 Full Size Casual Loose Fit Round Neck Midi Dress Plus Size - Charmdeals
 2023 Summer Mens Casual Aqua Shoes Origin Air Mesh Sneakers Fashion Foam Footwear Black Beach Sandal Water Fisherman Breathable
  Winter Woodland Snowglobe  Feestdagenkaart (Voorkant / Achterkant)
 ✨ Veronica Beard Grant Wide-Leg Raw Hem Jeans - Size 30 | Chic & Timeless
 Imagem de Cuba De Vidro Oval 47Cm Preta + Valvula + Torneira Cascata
──────
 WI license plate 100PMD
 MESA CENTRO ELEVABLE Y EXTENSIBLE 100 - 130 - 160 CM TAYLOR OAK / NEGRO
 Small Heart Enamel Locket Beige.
──────
* [Instructions for the task]: From the material above, retype precisely the lines between the line holding "Full Size Casual" and the line holding "Imagem de Cuba", inclusive, and nothing beyond them.

* [Exercise answer]:
 Full Size Casual Loose Fit Round Neck Midi Dress Plus Size - Charmdeals
 2023 Summer Mens Casual Aqua Shoes Origin Air Mesh Sneakers Fashion Foam Footwear Black Beach Sandal Water Fisherman Breathable
  Winter Woodland Snowglobe  Feestdagenkaart (Voorkant / Achterkant)
 ✨ Veronica Beard Grant Wide-Leg Raw Hem Jeans - Size 30 | Chic & Timeless
 Imagem de Cuba De Vidro Oval 47Cm Preta + Valvula + Torneira Cascata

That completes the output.